PROVIDED DATA:
▽

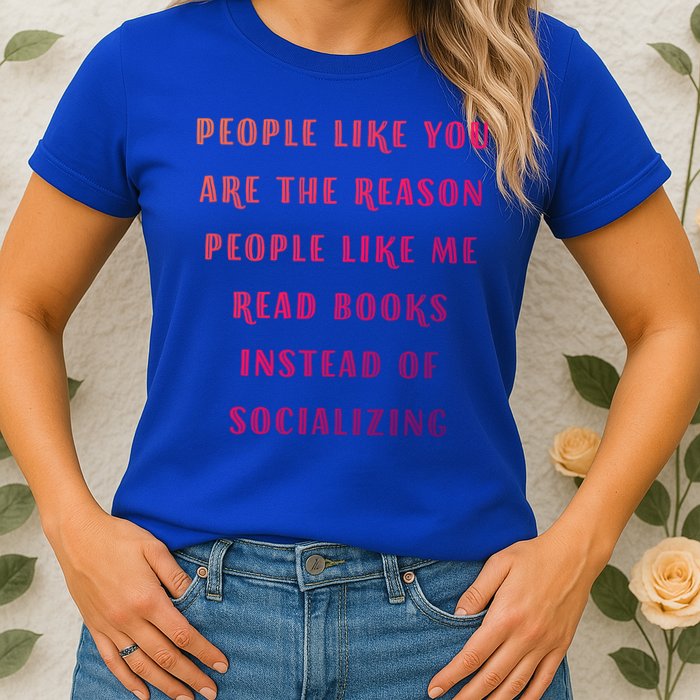 Introvert Antisocial Id Rather Be Reading Gift Womens T-Shirt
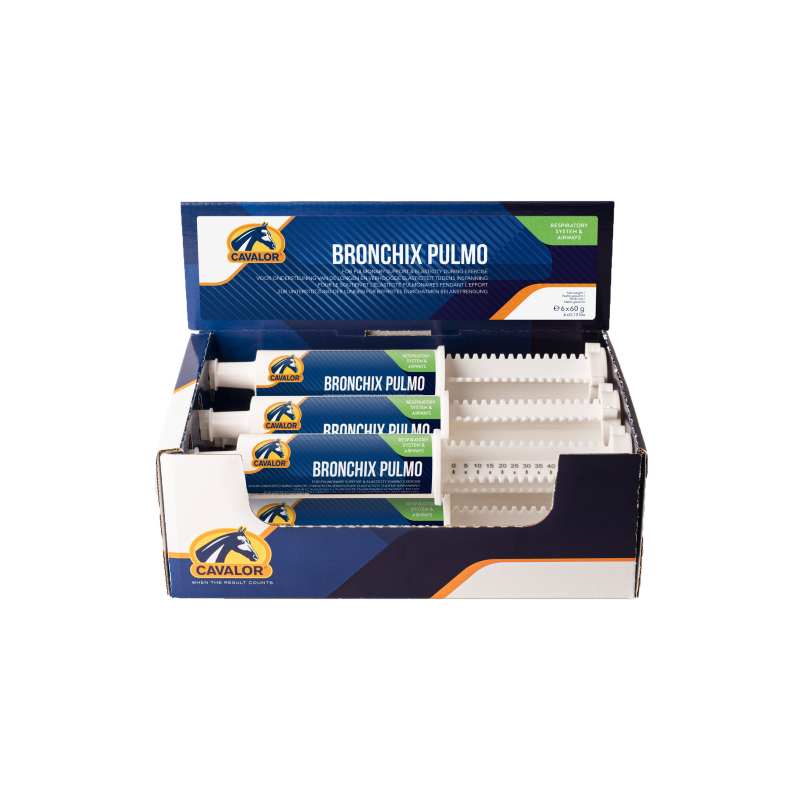 Cavalor Bronchix Pulmo 6x60gr - Pour soutenir les poumons et pour augmenter l'élasticité pendant l'effort Cavalor Bronchix Pulmo 6x60gr - Pour soutenir les poumons et pour augmenter l'élasticité pendant l'effort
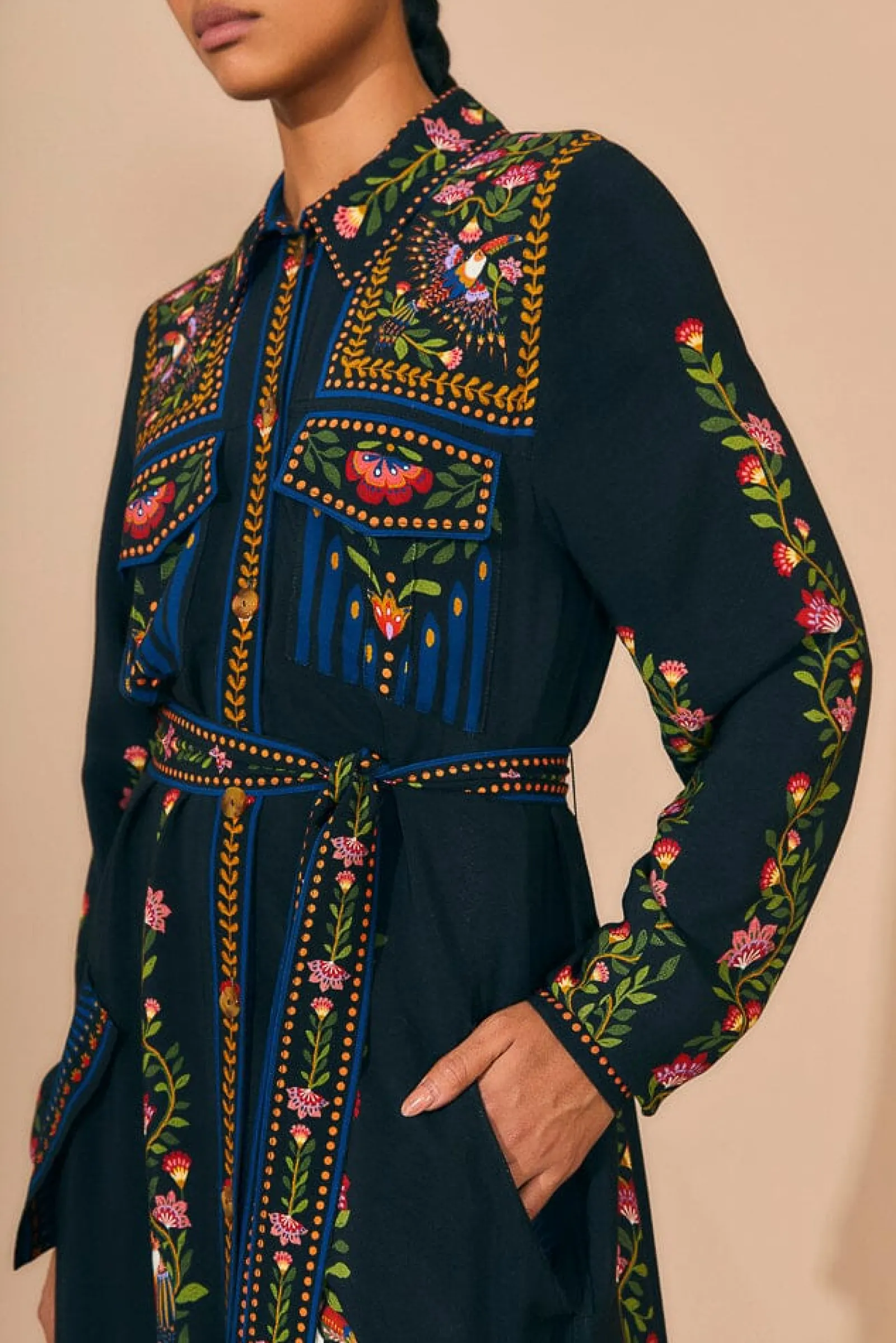 BLACK TOUCAN GARDEN MIDI DRESS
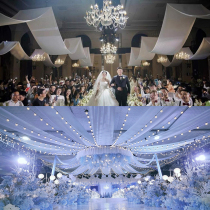 Han Style Wedding White suspended veil Mantle Bullet Bridal wedding Auditorium Stage Top Decorative Bumantle Hotel Milk Silk Cloth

△

PROBLEM TO WORK ON: With the line containing "BLACK TOUCAN GARDEN MIDI DRESS" as the first line and the last line of the listing as the final one, reproduce that span exactly, without pictures.

RESULT OF THIS EXERCISE:
 BLACK TOUCAN GARDEN MIDI DRESS
 Han Style Wedding White suspended veil Mantle Bullet Bridal wedding Auditorium Stage Top Decorative Bumantle Hotel Milk Silk Cloth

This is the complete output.